Records for the exercise

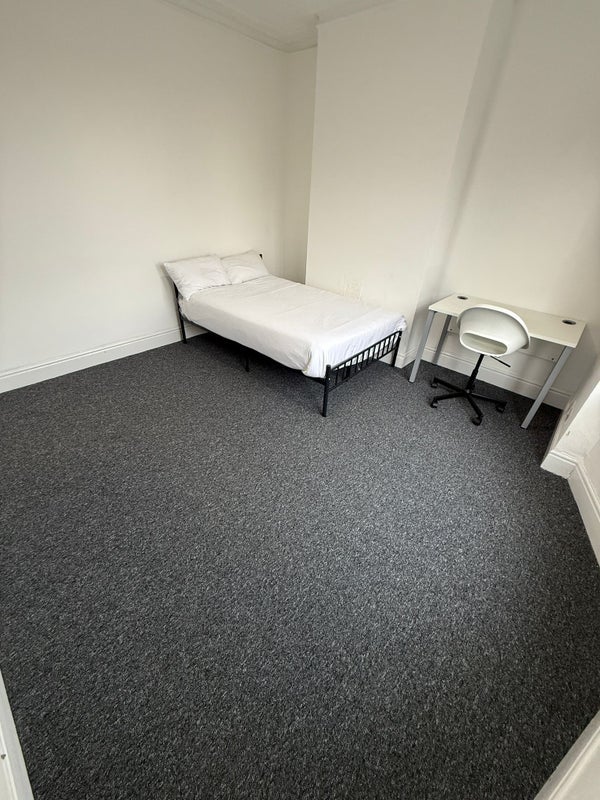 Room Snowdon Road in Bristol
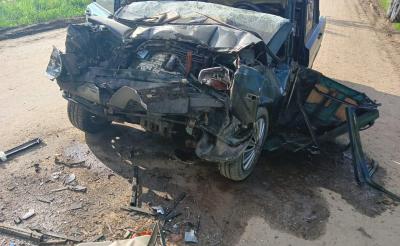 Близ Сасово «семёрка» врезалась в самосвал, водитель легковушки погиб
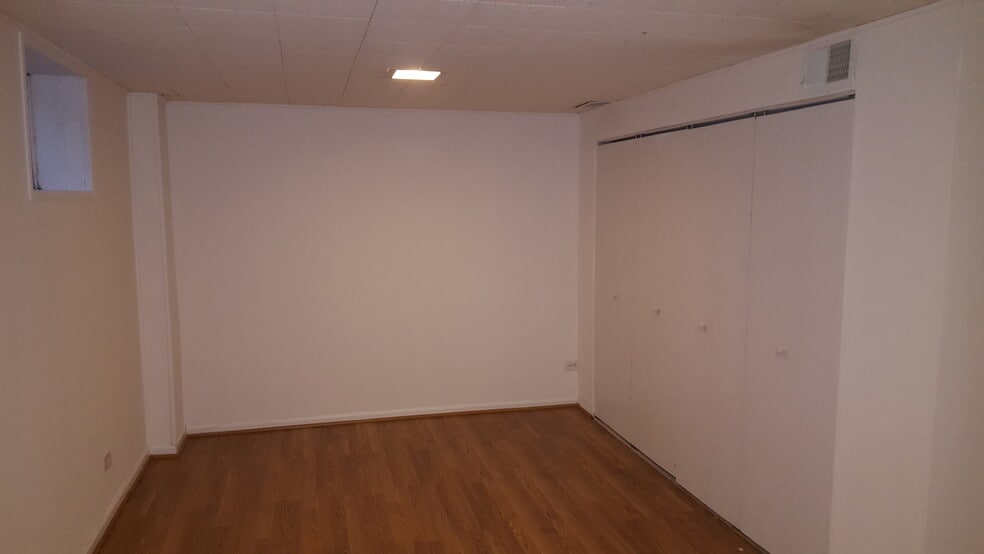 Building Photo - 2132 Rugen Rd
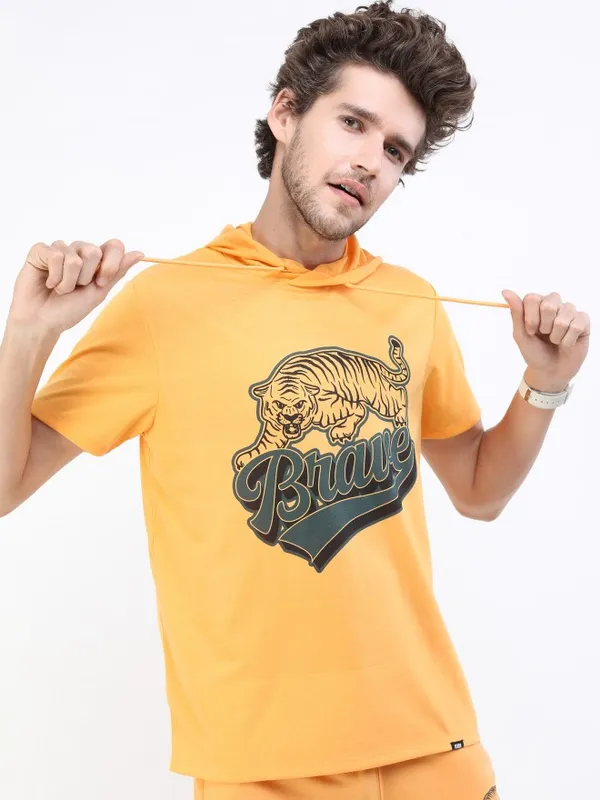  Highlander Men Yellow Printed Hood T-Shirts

---

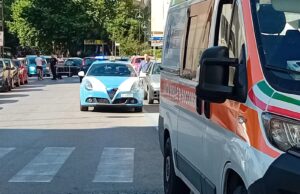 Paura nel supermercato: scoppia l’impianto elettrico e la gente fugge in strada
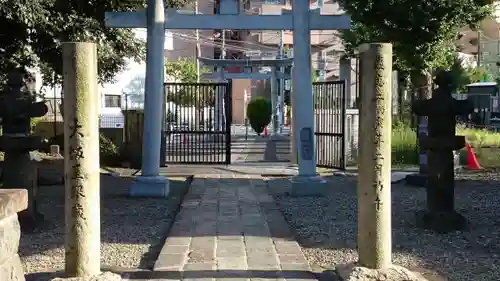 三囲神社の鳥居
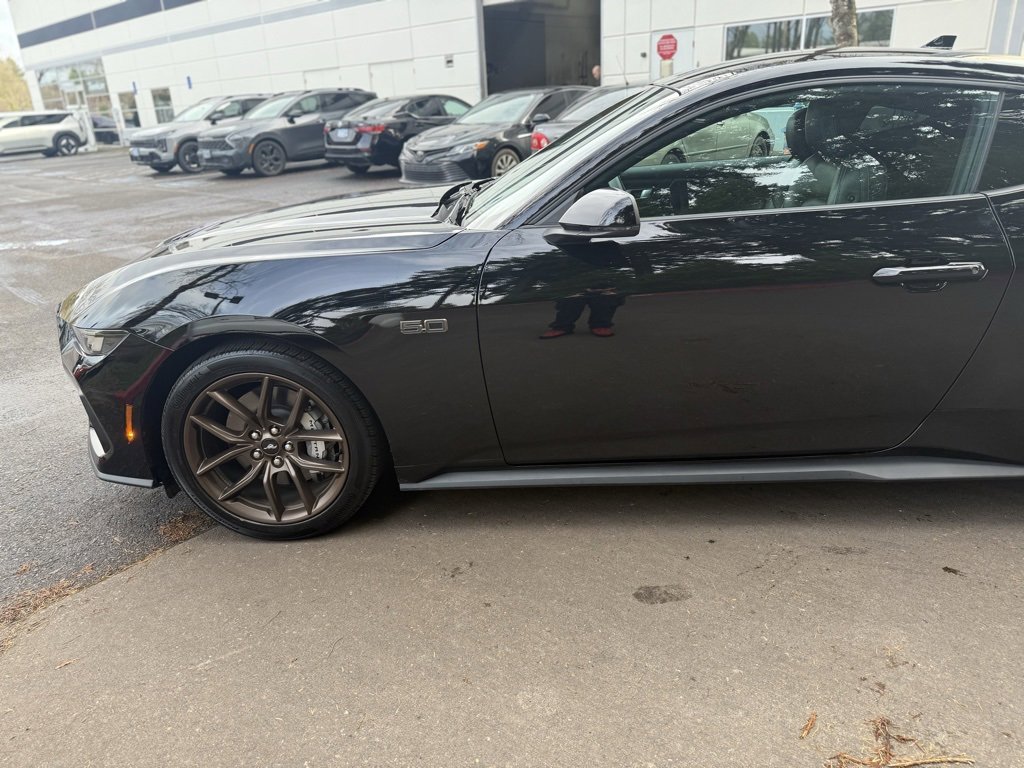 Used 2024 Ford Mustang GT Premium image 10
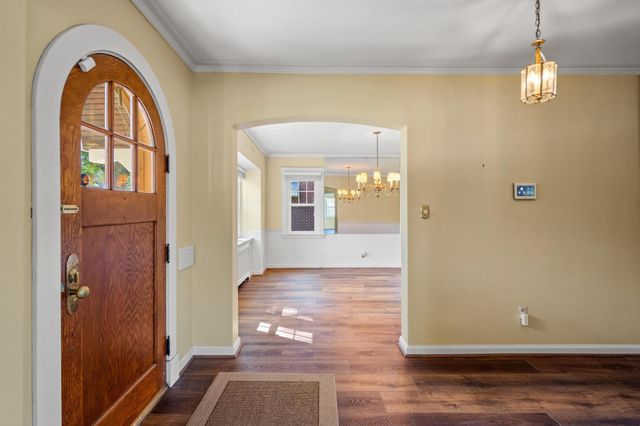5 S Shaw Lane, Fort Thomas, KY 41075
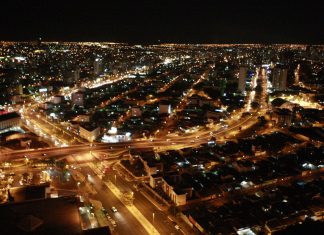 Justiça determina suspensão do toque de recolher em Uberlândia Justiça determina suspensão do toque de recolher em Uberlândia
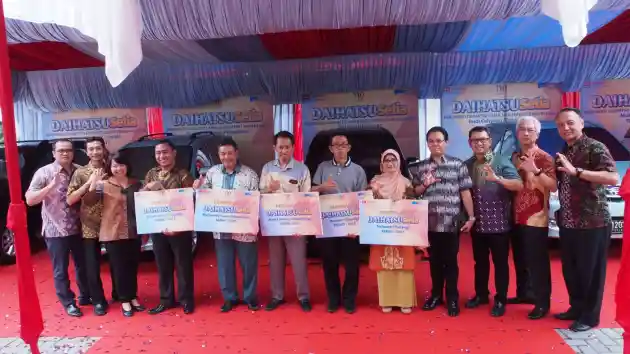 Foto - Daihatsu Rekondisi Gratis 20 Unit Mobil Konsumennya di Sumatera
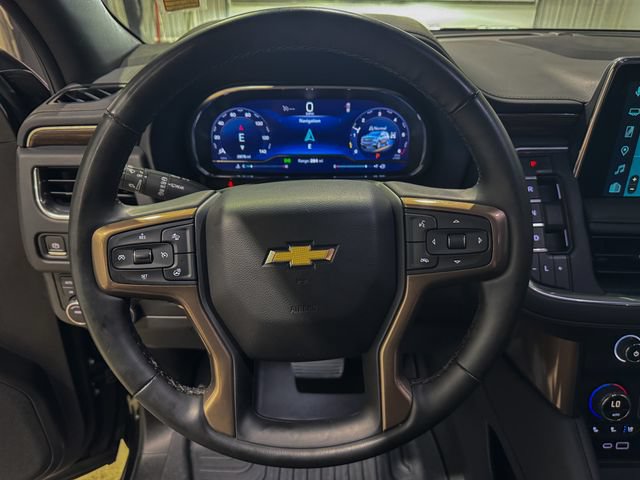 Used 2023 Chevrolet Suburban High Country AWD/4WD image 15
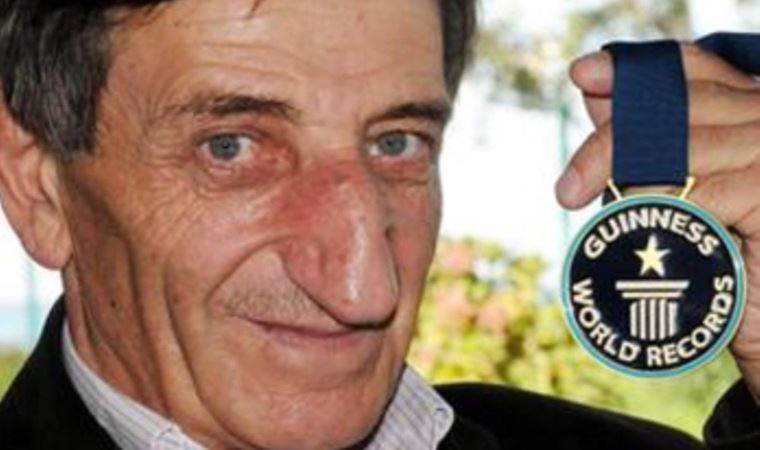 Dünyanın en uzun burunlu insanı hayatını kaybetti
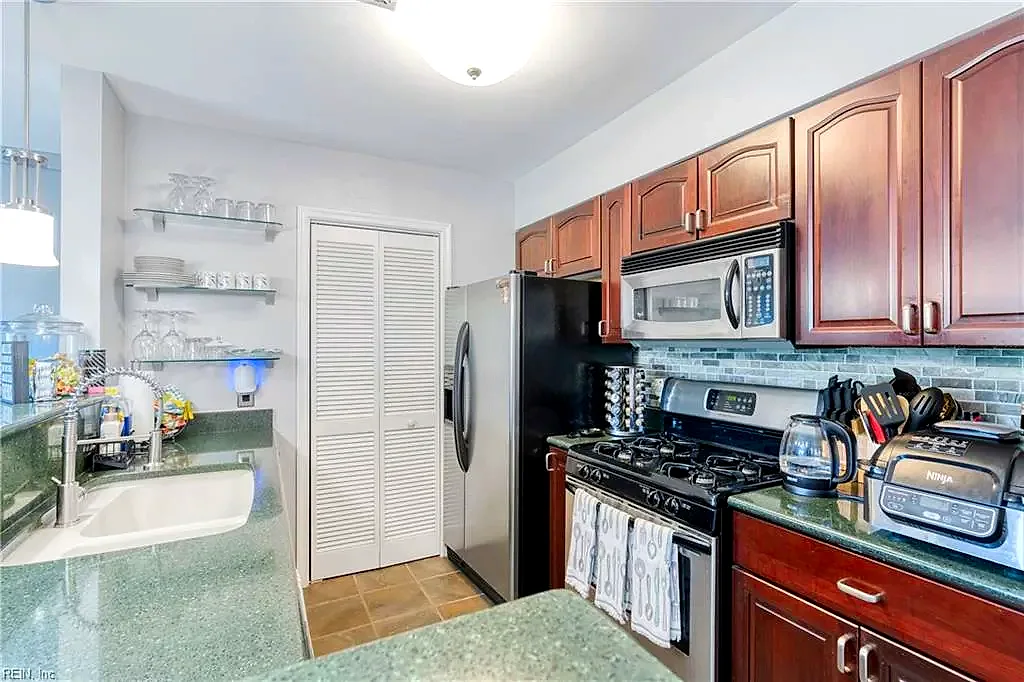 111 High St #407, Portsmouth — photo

...

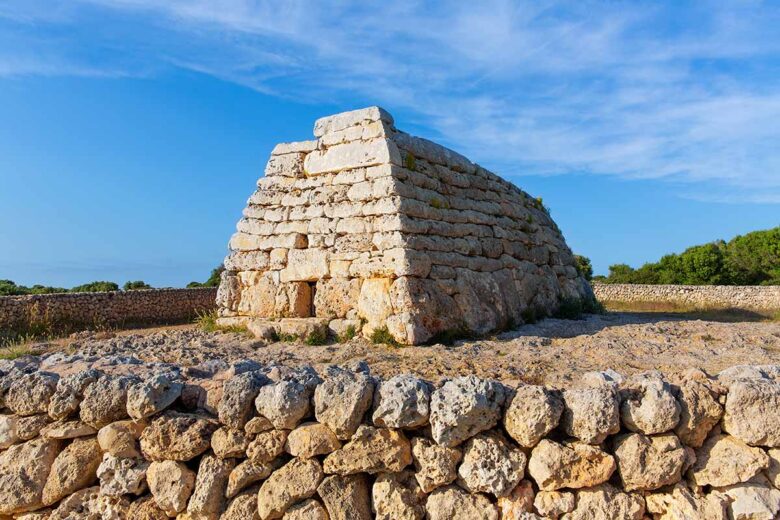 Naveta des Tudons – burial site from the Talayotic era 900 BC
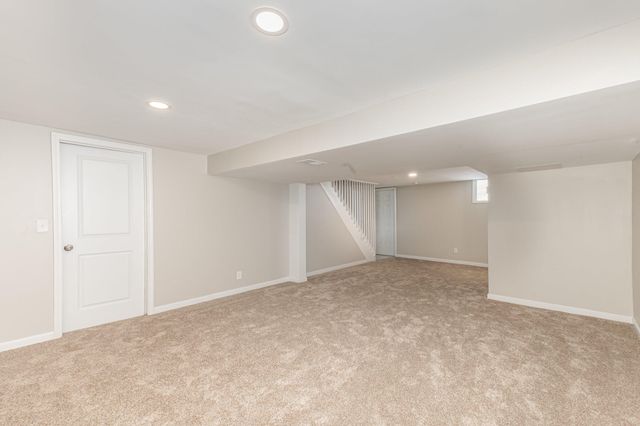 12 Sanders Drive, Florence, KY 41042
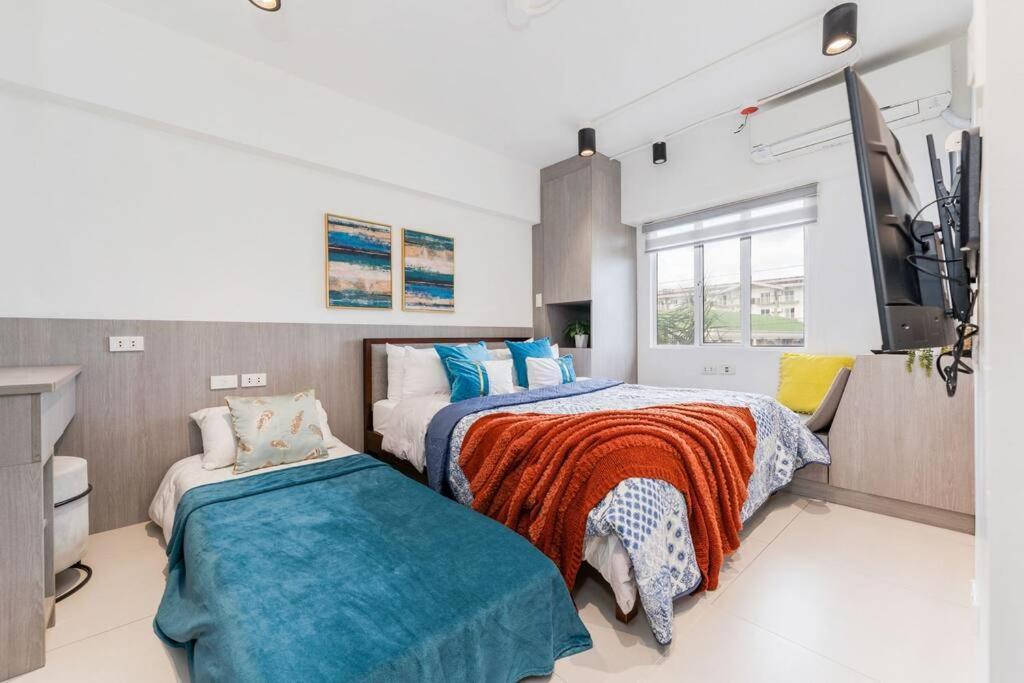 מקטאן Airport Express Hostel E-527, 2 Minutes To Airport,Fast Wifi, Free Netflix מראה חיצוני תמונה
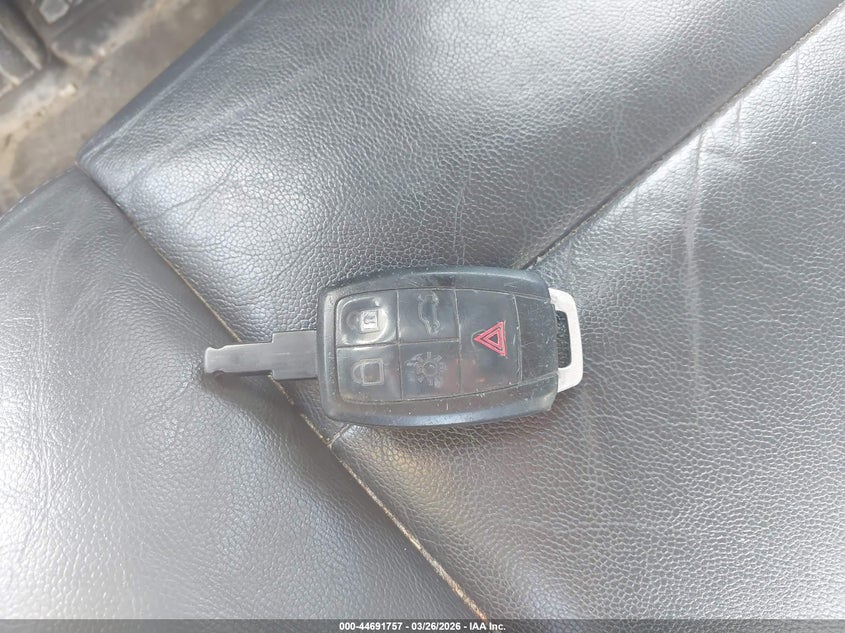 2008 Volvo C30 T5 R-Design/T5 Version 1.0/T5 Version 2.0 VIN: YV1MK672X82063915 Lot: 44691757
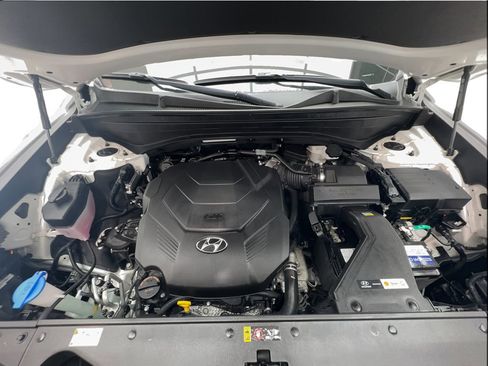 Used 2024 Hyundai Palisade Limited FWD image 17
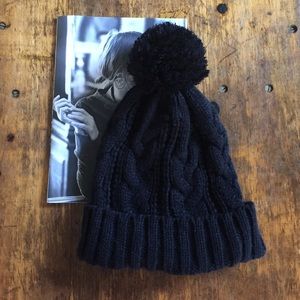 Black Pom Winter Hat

Problem
In the records above, everything from the line with "Room Snowdon Road in Bristol" down to the line with "Highlander Men Yellow Printed Hood T-Shirts" must be duplicated exactly, both lines kept. Leave no pictures in.

Solution below
 Room Snowdon Road in Bristol
 Близ Сасово «семёрка» врезалась в самосвал, водитель легковушки погиб
 Building Photo - 2132 Rugen Rd
  Highlander Men Yellow Printed Hood T-Shirts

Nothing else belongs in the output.